§ Work order
Look below for the line with "Минивэн Kia Carnival 2017 в Житомире фото". Retype it and every line after it to the end, exactly, but leave out the pictures.

**** Provided data

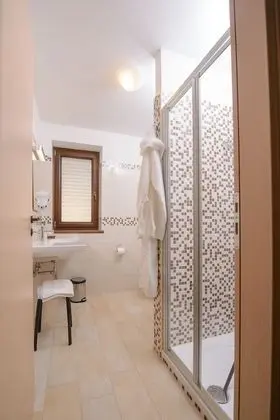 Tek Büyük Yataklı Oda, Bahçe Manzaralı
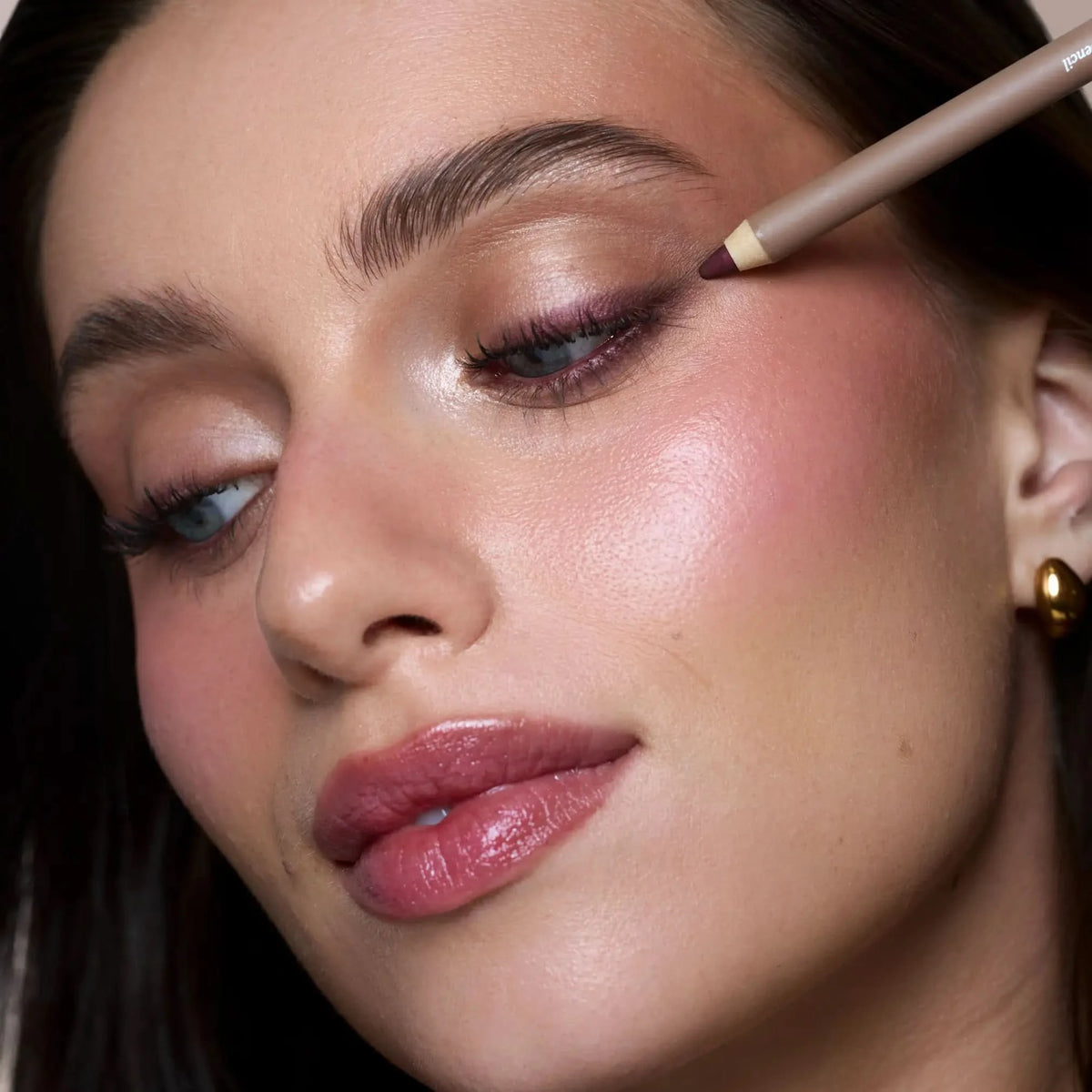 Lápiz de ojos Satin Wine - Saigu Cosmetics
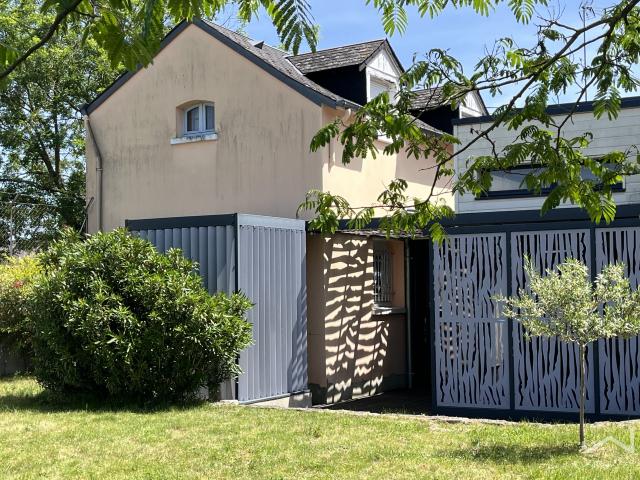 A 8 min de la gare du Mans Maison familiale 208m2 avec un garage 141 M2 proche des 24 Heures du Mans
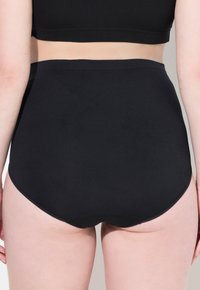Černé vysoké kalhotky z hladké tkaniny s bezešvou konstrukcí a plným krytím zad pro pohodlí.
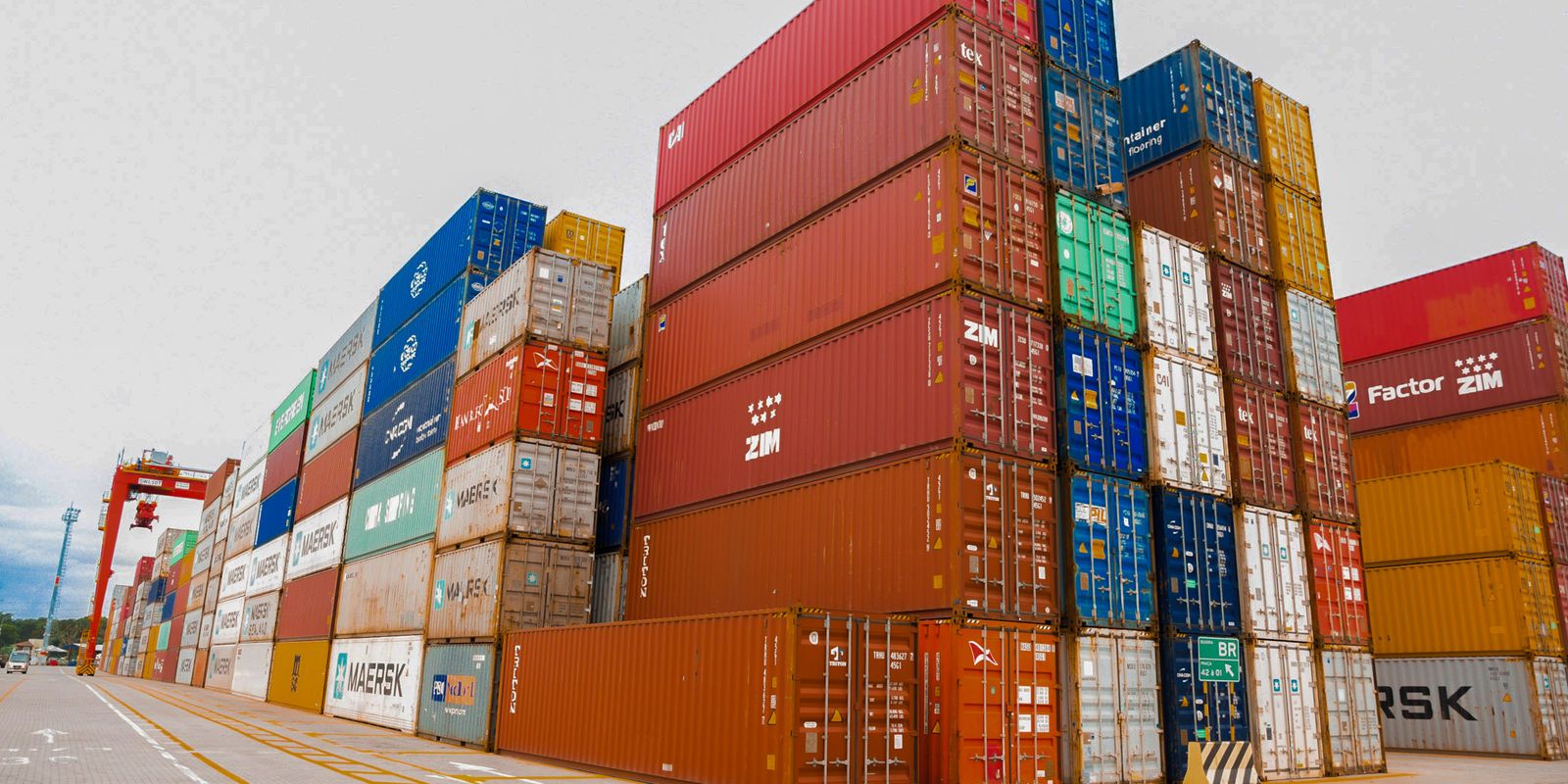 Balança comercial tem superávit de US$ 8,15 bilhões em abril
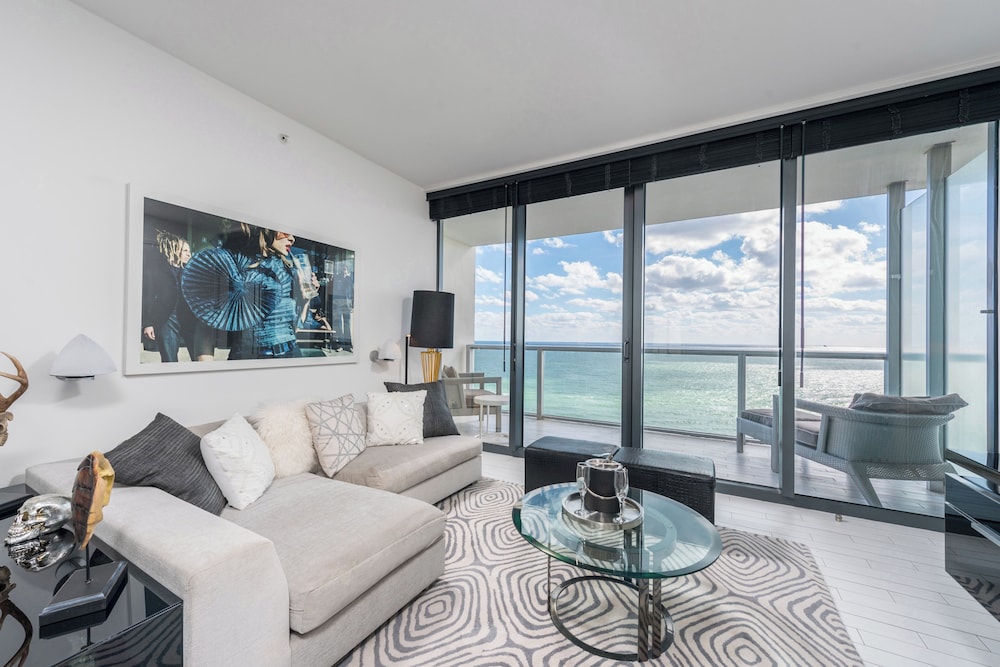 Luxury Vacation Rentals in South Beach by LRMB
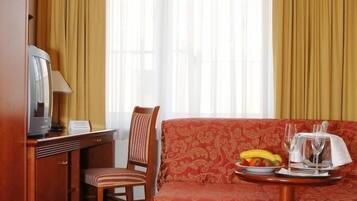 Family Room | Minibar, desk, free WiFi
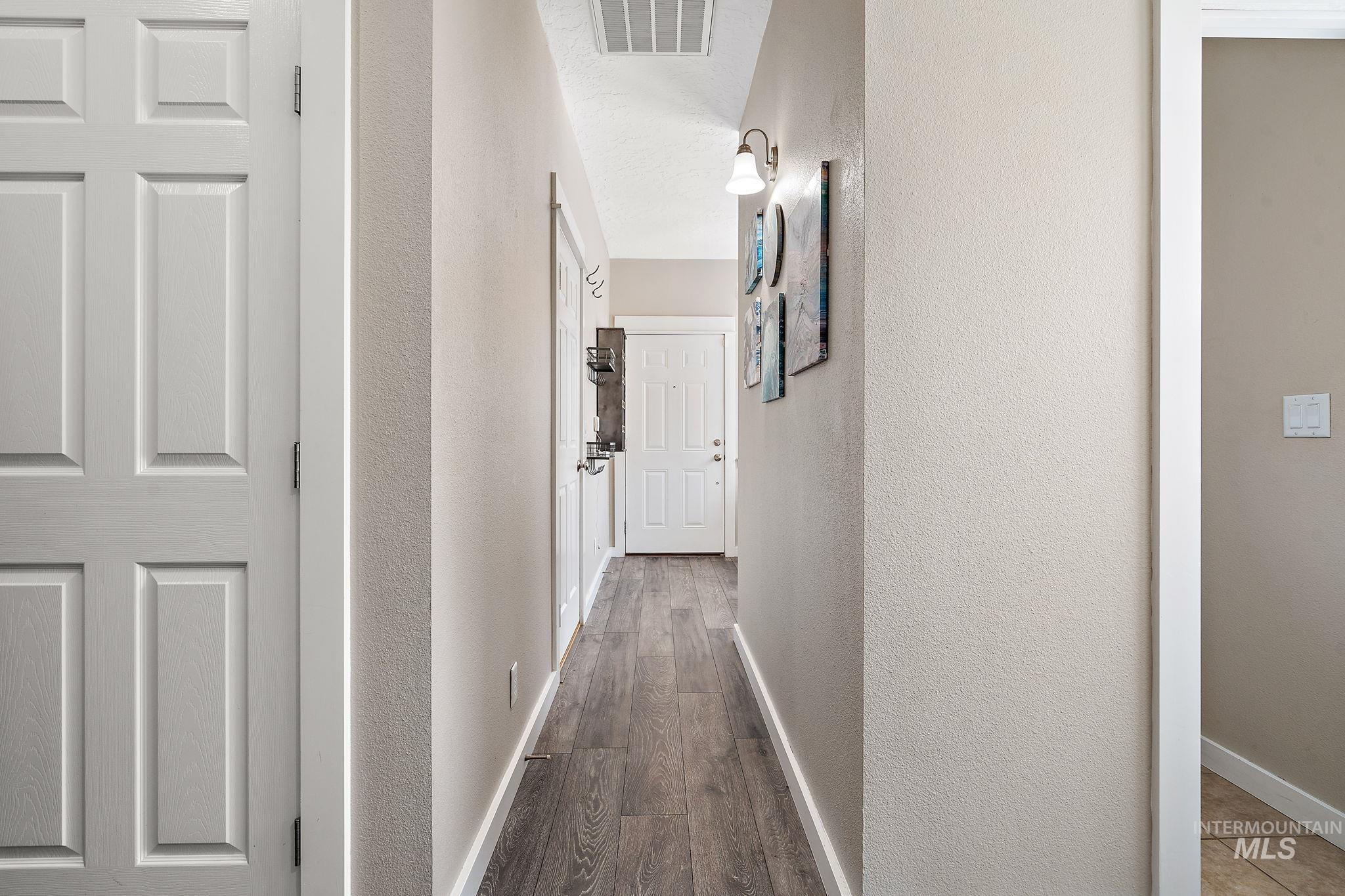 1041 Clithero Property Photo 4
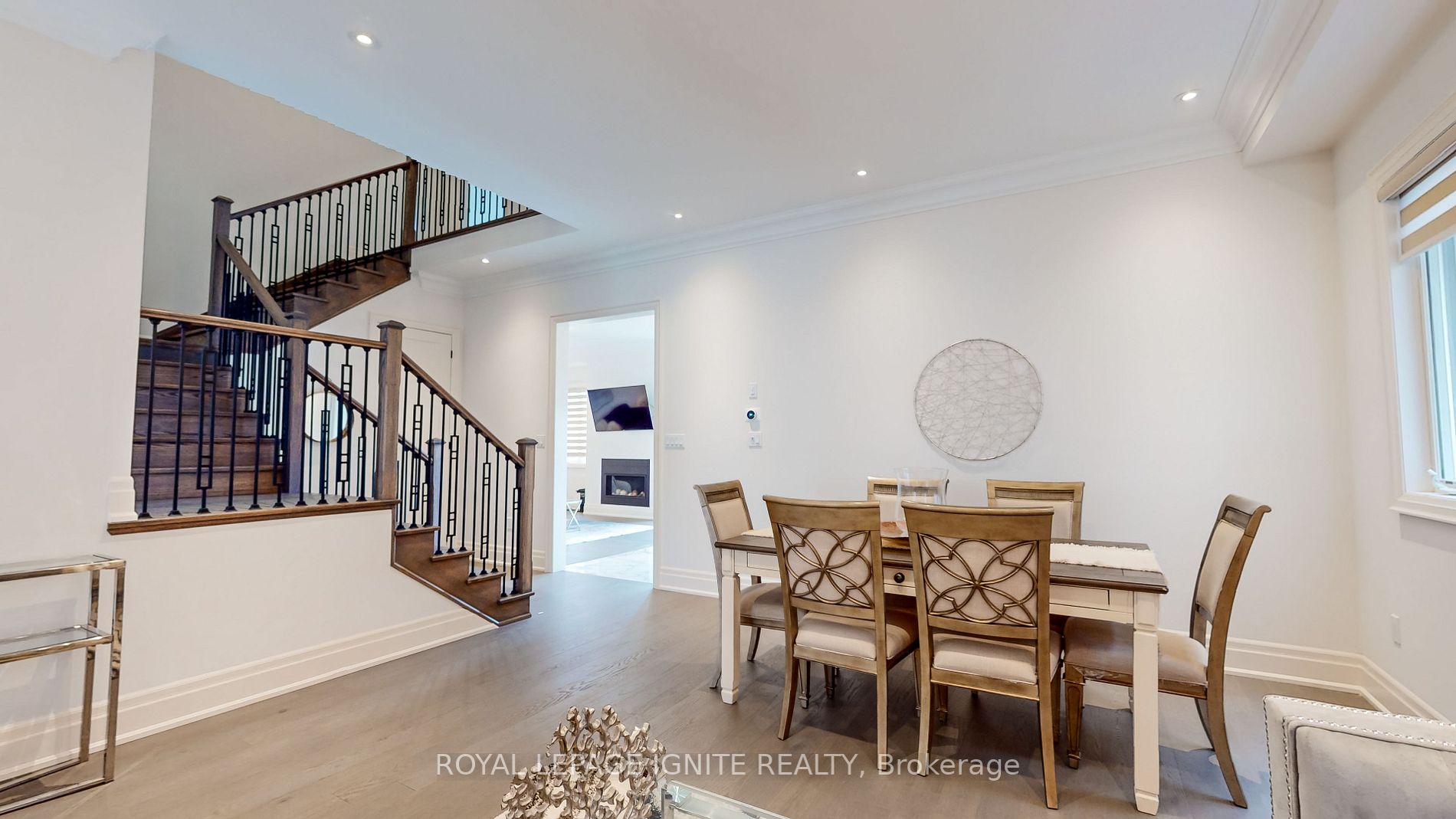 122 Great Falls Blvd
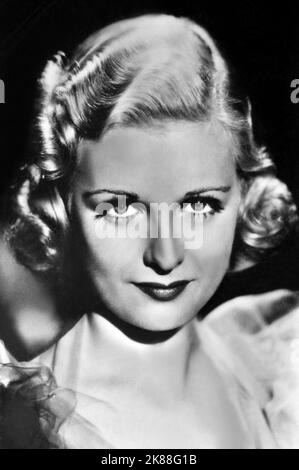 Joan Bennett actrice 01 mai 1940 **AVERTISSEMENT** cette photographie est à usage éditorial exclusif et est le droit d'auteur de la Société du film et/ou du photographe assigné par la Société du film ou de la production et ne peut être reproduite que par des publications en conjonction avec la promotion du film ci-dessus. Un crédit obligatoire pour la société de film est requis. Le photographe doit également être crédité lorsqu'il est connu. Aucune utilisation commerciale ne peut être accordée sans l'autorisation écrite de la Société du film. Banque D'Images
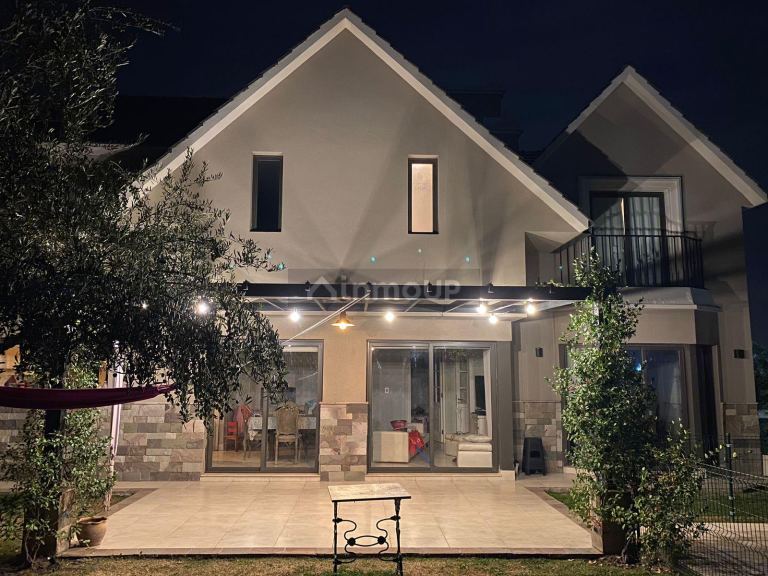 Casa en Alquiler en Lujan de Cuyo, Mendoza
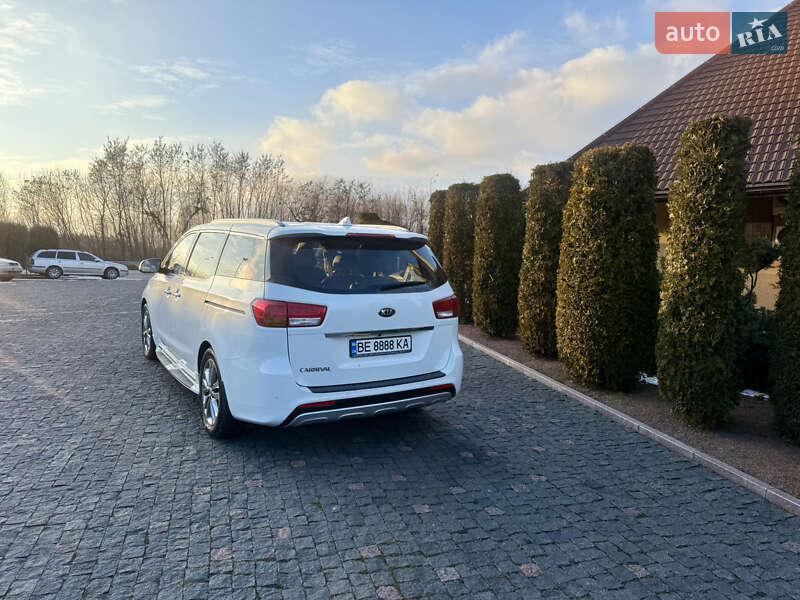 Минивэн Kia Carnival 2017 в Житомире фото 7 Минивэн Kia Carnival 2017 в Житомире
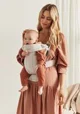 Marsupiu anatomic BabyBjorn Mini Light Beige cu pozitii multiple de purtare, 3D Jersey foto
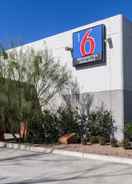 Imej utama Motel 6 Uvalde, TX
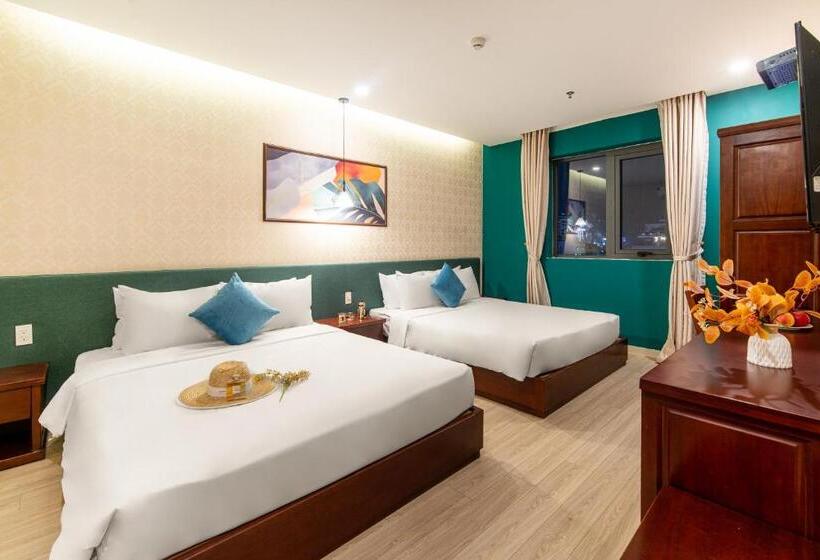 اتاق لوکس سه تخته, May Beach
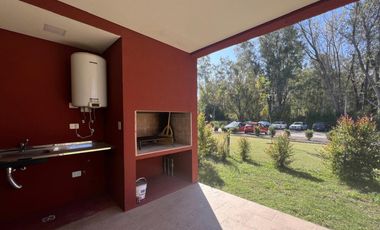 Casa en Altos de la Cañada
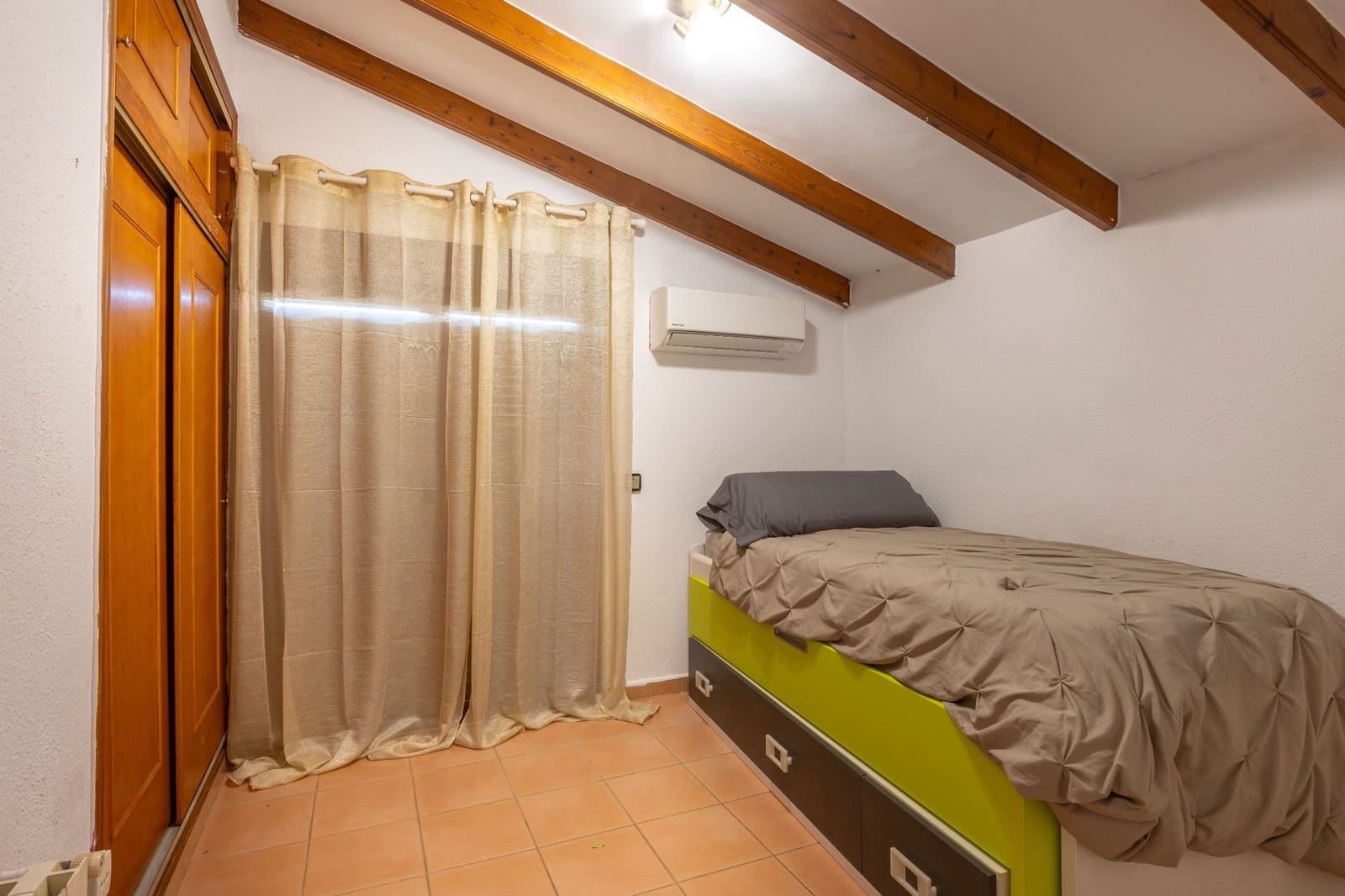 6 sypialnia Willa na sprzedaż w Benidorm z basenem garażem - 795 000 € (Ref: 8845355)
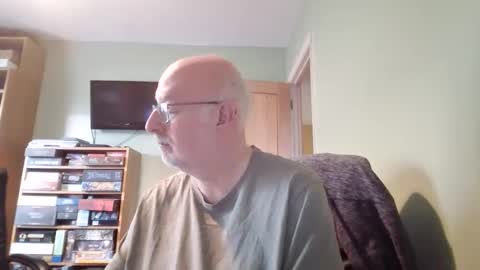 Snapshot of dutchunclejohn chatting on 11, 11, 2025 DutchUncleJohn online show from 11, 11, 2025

********

§ Result for this task
 Минивэн Kia Carnival 2017 в Житомире фото 7 Минивэн Kia Carnival 2017 в Житомире
 Marsupiu anatomic BabyBjorn Mini Light Beige cu pozitii multiple de purtare, 3D Jersey foto
 Imej utama Motel 6 Uvalde, TX
 اتاق لوکس سه تخته, May Beach
 Casa en Altos de la Cañada
 6 sypialnia Willa na sprzedaż w Benidorm z basenem garażem - 795 000 € (Ref: 8845355)
 Snapshot of dutchunclejohn chatting on 11, 11, 2025 DutchUncleJohn online show from 11, 11, 2025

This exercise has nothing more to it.